**Activity**
From the records below, transcribe only the lines running from the one with "Euorosi 4K 60FPS" through the one with "Model 1 - American". Keep both of those end lines.

**Material for this exercise**
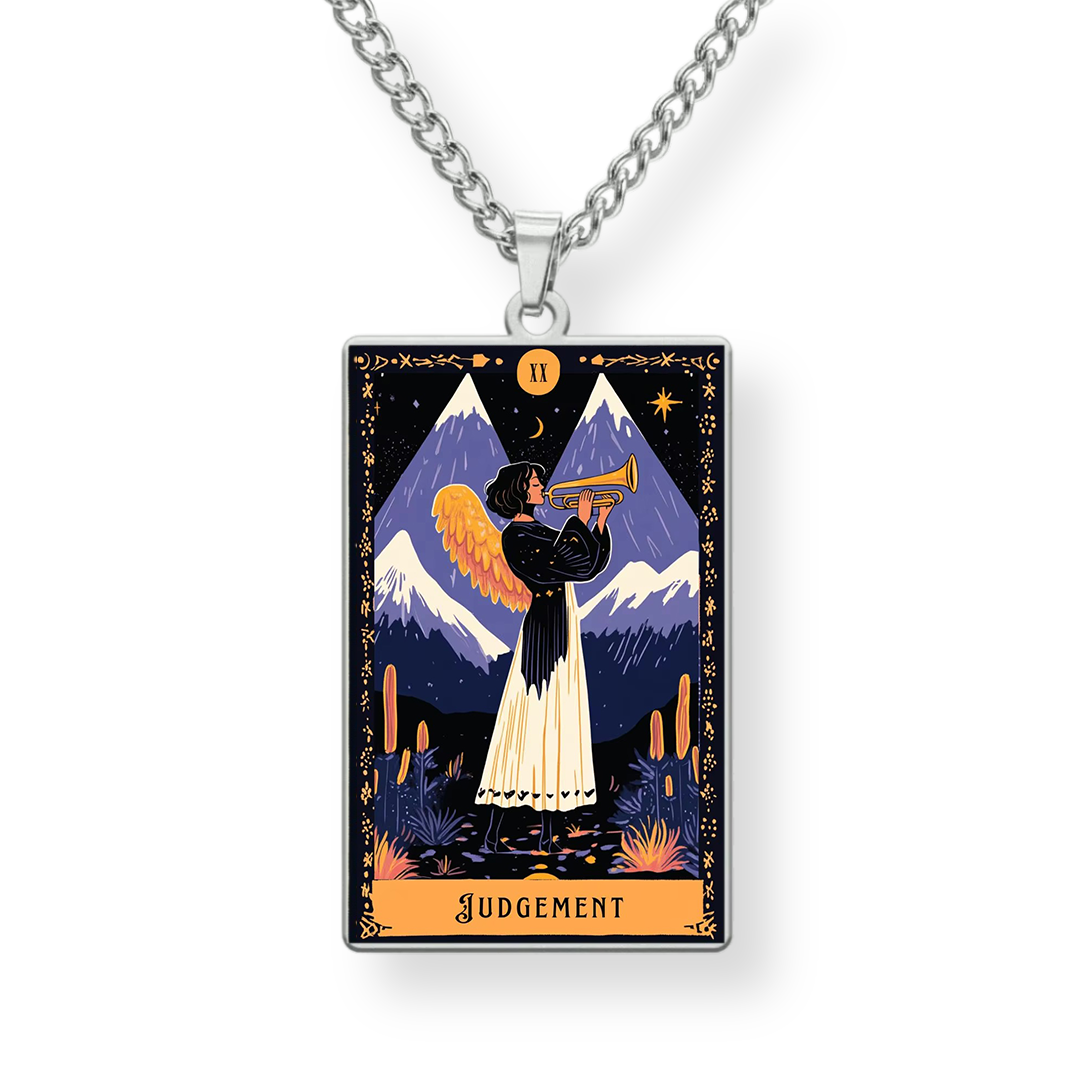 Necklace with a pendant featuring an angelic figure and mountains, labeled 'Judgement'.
---
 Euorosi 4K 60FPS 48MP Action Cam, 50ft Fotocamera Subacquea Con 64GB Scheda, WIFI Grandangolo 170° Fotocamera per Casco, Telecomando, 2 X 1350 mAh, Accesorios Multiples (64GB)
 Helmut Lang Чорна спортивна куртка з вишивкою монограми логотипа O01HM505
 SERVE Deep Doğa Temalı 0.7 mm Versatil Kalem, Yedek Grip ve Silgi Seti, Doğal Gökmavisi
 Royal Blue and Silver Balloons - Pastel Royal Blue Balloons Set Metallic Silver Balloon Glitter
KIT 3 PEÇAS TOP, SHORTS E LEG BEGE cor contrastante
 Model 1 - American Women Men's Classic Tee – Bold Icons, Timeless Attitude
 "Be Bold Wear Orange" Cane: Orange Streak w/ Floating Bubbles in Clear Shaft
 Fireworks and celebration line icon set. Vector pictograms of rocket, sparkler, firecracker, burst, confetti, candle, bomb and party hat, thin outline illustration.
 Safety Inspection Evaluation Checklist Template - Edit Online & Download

**Answer to this problem**
 Euorosi 4K 60FPS 48MP Action Cam, 50ft Fotocamera Subacquea Con 64GB Scheda, WIFI Grandangolo 170° Fotocamera per Casco, Telecomando, 2 X 1350 mAh, Accesorios Multiples (64GB)
 Helmut Lang Чорна спортивна куртка з вишивкою монограми логотипа O01HM505
 SERVE Deep Doğa Temalı 0.7 mm Versatil Kalem, Yedek Grip ve Silgi Seti, Doğal Gökmavisi
 Royal Blue and Silver Balloons - Pastel Royal Blue Balloons Set Metallic Silver Balloon Glitter
KIT 3 PEÇAS TOP, SHORTS E LEG BEGE cor contrastante
 Model 1 - American Women Men's Classic Tee – Bold Icons, Timeless Attitude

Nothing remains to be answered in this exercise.